The response should repeat word for word every line below from the one with "Giá đỡ loa subwoofer" to the one with "Used 2022 Mitsubishi", inclusive, and nothing else; leave pictures out.

** Opening DATA EXTRACT block **

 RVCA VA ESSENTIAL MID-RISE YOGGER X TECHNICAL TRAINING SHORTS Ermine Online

** Closing DATA EXTRACT block **
** Opening DATA EXTRACT block **

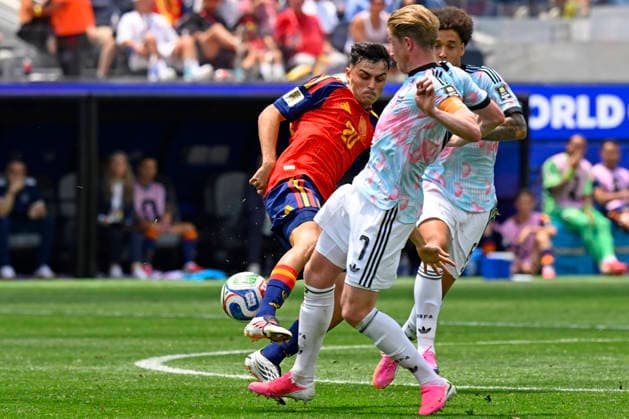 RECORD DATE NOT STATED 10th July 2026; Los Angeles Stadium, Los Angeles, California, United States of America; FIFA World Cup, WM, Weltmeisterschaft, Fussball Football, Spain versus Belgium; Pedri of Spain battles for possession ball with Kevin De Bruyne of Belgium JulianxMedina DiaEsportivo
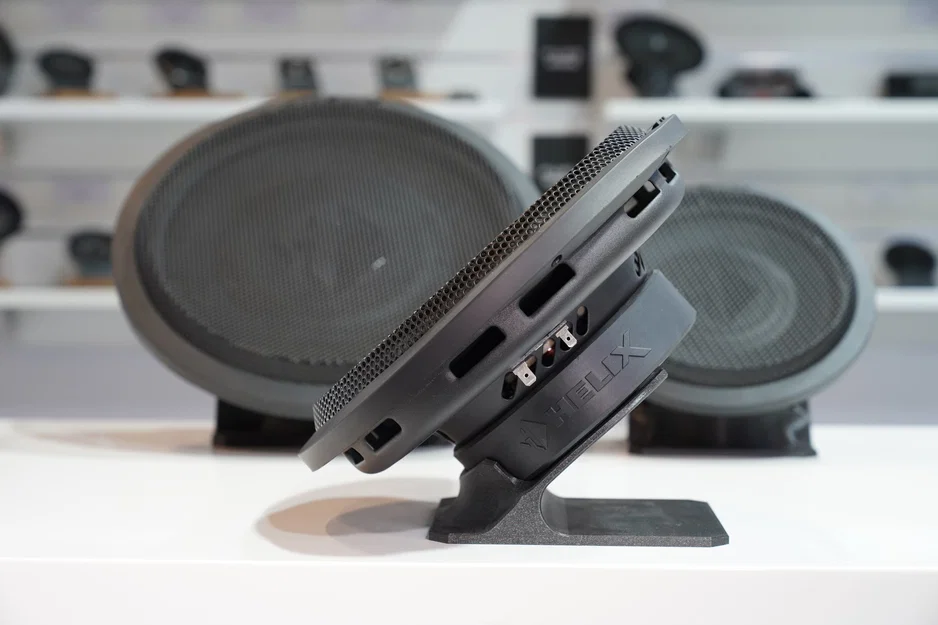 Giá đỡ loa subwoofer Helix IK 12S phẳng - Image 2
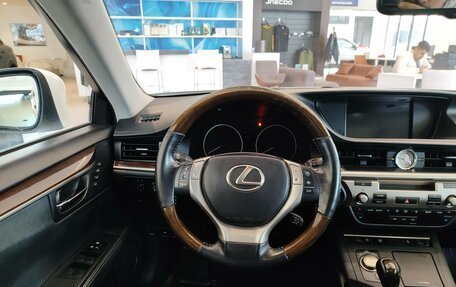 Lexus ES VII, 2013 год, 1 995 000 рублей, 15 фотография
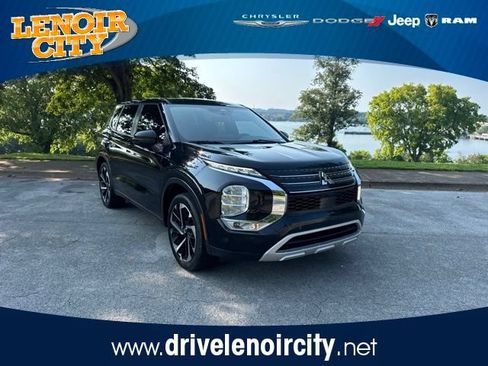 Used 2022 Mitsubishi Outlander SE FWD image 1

** Closing DATA EXTRACT block **

TASK RESPONSE.
 Giá đỡ loa subwoofer Helix IK 12S phẳng - Image 2
 Lexus ES VII, 2013 год, 1 995 000 рублей, 15 фотография
 Used 2022 Mitsubishi Outlander SE FWD image 1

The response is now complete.